- To do:
Except for the pictures, reproduce the records word for word.

- Records shown:
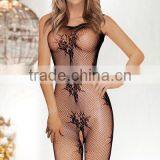 Floral Fishnet Crotchless Bodystocking thumbnail-1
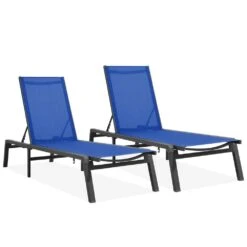 Modern Inspired Teal Metal Outdoor Chaise Lounge Set Of 2 -Jearey jearey outdoor chaise lounges aflc2 teal c3 1000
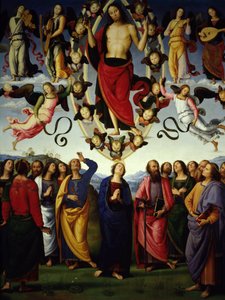 Kristuksen Jeesuksen Kristuksen ylösnousemus on esitetty mandorlassa. Yksityiskohta. Pietro Vannuccin maalaus Il Peruginosta tekijältä Pietro Perugino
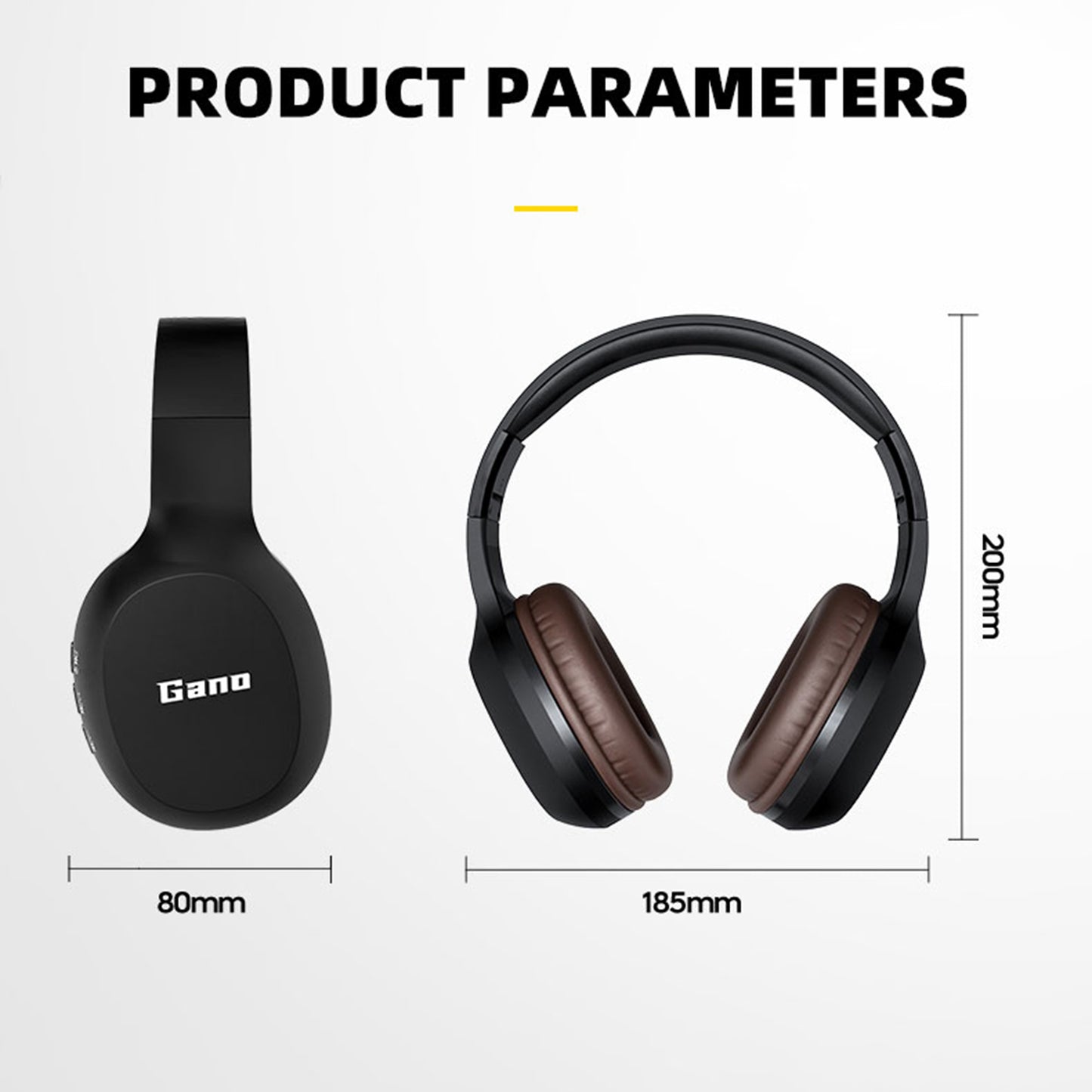 GANO G1BT Over-Ear Wireless Headset Bluetooth Earphone HiFi Stereo Sound Noise Cancelling Gaming Headphone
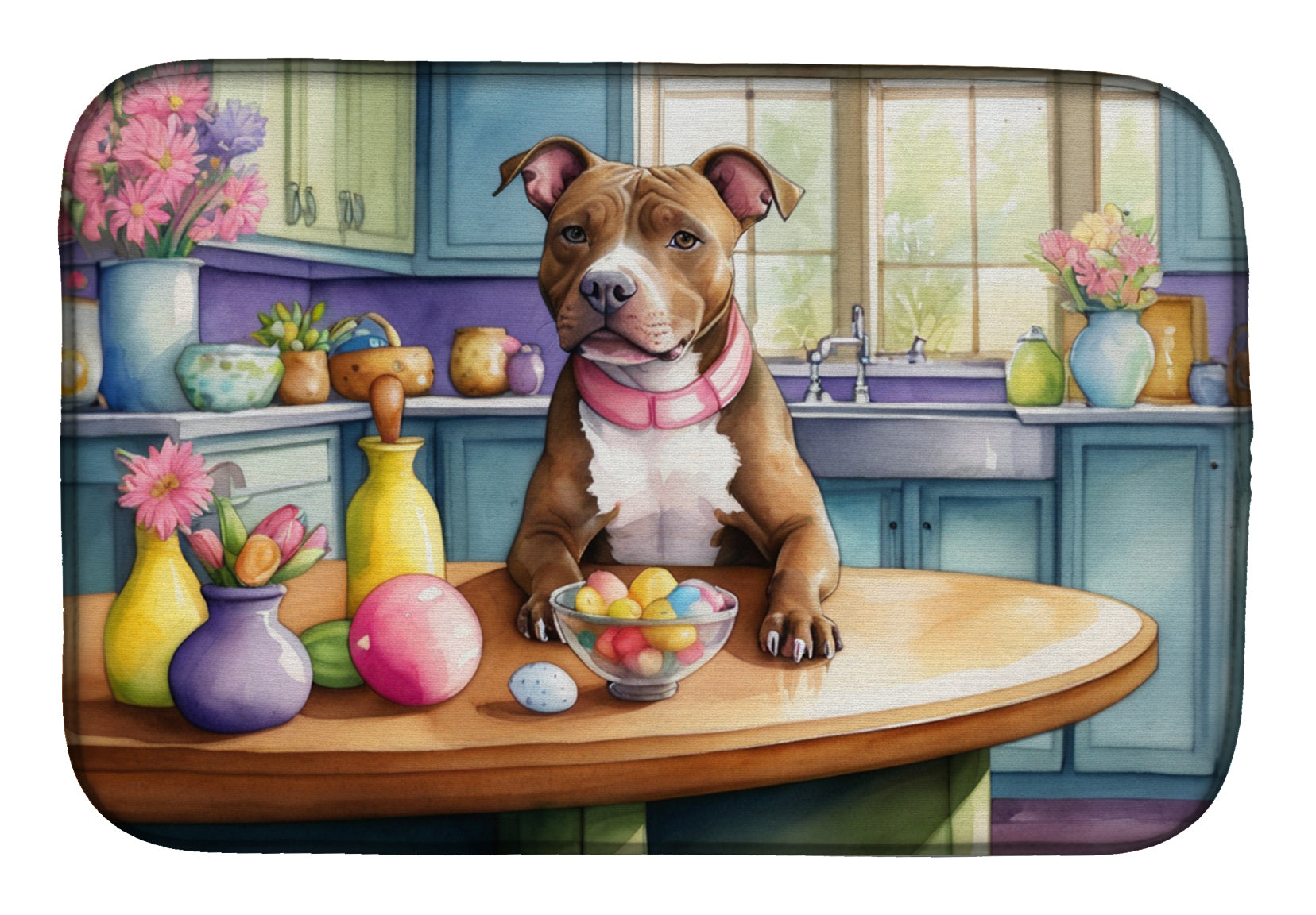 Decorating Easter Pit Bull Terrier Dish Drying Mat Absorbent Dish Drying Mat Pad for Kitchen Counter Dish Drainer Mat for Countertop, 14 x 21", Multicolor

- Answer for the task:
 Floral Fishnet Crotchless Bodystocking thumbnail-1
 Modern Inspired Teal Metal Outdoor Chaise Lounge Set Of 2 -Jearey jearey outdoor chaise lounges aflc2 teal c3 1000
 Kristuksen Jeesuksen Kristuksen ylösnousemus on esitetty mandorlassa. Yksityiskohta. Pietro Vannuccin maalaus Il Peruginosta tekijältä Pietro Perugino
 GANO G1BT Over-Ear Wireless Headset Bluetooth Earphone HiFi Stereo Sound Noise Cancelling Gaming Headphone
 Decorating Easter Pit Bull Terrier Dish Drying Mat Absorbent Dish Drying Mat Pad for Kitchen Counter Dish Drainer Mat for Countertop, 14 x 21", Multicolor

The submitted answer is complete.